Dr. Santer, Dr. Garzon, and Mr. Duncan made their first-ever appearance in Salt Lake City for a 90-minute discussion in which each individual shared their personal stories along with research and documentation related to the current global climate debate. Discussion centered around superstorms, rising temperatures, failed crops, prolonged drought cycles, melting sea ice, retreating glaciers, multi-billion dollar insurance claims and rising death tolls associated with climate change.

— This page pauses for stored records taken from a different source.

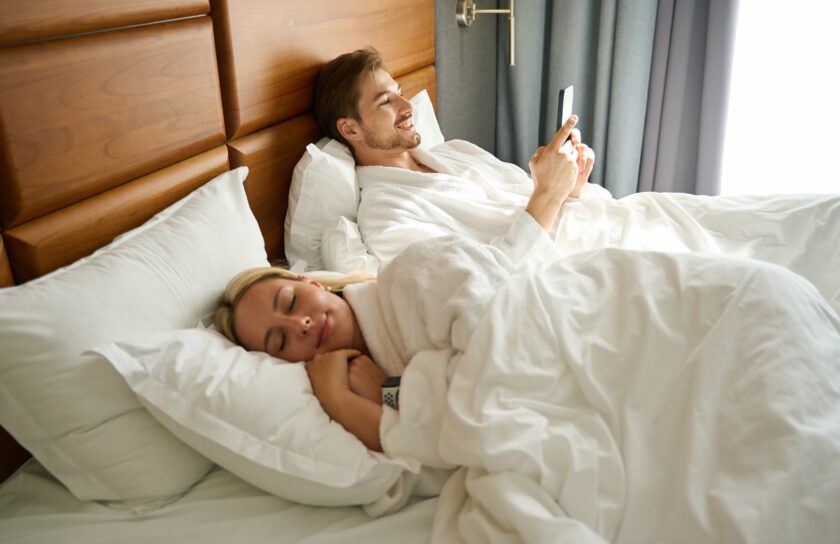 guy-with-a-mobile-phone-is-resting-on-a-large-bed-2024-10-18-08-41-46-utc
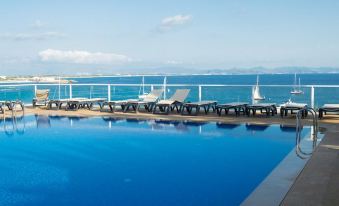 a large blue pool with several lounge chairs and a clear view of the ocean at Hotel Club Sunway Punta Prima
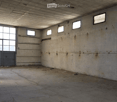 Empty industrial-style room with concrete walls and floor, large windows, and a metal door.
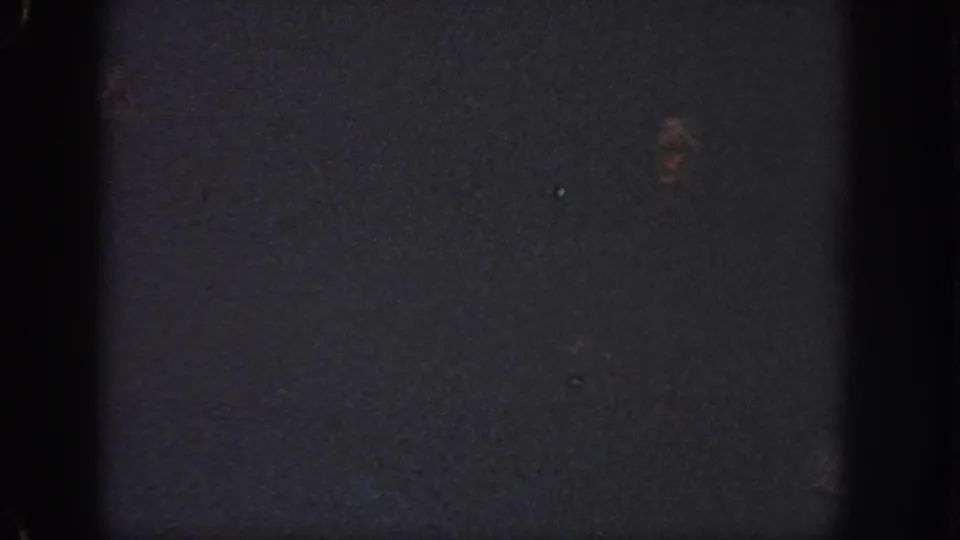 Low-light 1951 Atlanta pool frame with a faint swimmer visible against dark blue-black water.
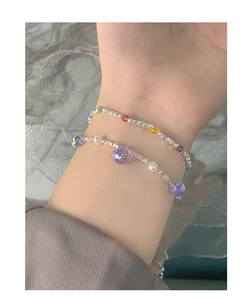Close-up of double-layer S925 silver bracelet with purple crystals and pearls on wrist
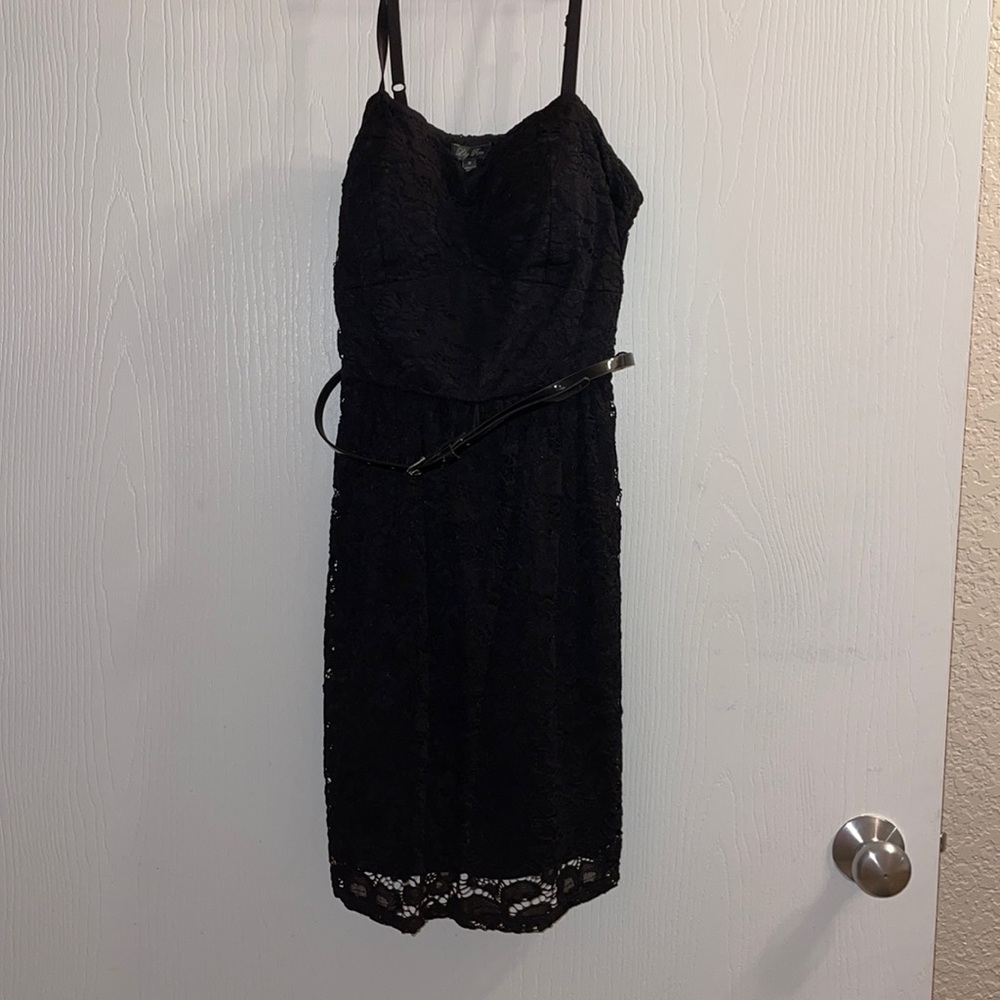 Black cocktail dress with a lace over lay and a belt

As a scientist with more than three decades of his life and career dedicated to climate research at the Lawrence Livermore Lab, Dr. Ben Santer tells the story of a warming climate through computer modeling and satellite imagery accented by personal stories that begin with his participation in the 1995 report of the Intergovernmental Panel on Climate Change

Considered one of the world’s leading experts on global disaster response during the past generation, Dr. Hernando Garzon weaves a personal story that begins with his work navigating crises like 9/11, the Haitian earthquake and West Africa’s Ebola crisis while addressing a noticeable shift to climate-related disasters such as Puerto Rico, New Orleans, sub-Saharan Africa, and the Ayerwaddy Delta region of Burma. According to Dr. Garzon, human-caused climate change is now impacting global health and loss of life through increased damage related to storms and climate events.

A board member for the Juneau Icefield Research Program along with Santer and Garzon, Chip Duncan has been documenting the glaciers of North America’s St. Elias region and the Juneau Icefield annually since 1991.